§ **Task brief**
Only the lines running from the line with "So, consider upgrading" to the end of the listing below should be copied, exactly, without pictures.

§ **The data**
+-------+
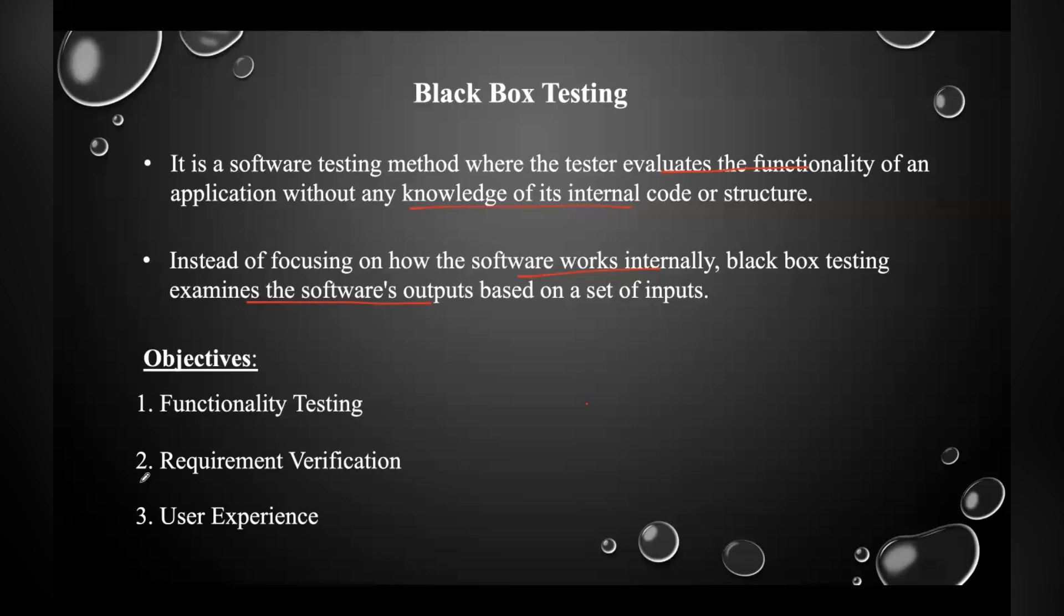The three main objectives are: first is functionality testing, then he'll check for requirement verification, whether all the requirements provided by the client are included or not, and then user experience.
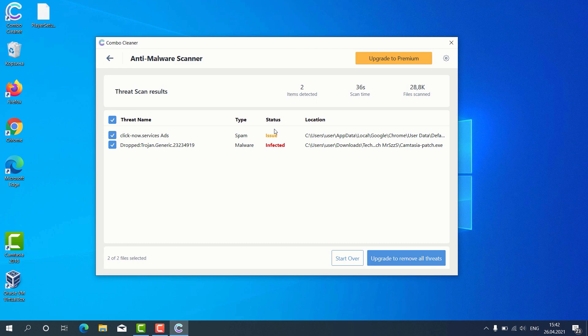So, consider upgrading to the premium version to get your Windows computer fully protected.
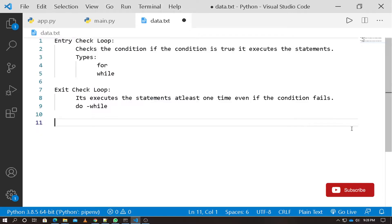Welcome to this video. Let's talk about Python for loop and how to use it.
+-------+
§ **Answer below**
So, consider upgrading to the premium version to get your Windows computer fully protected.
Welcome to this video. Let's talk about Python for loop and how to use it.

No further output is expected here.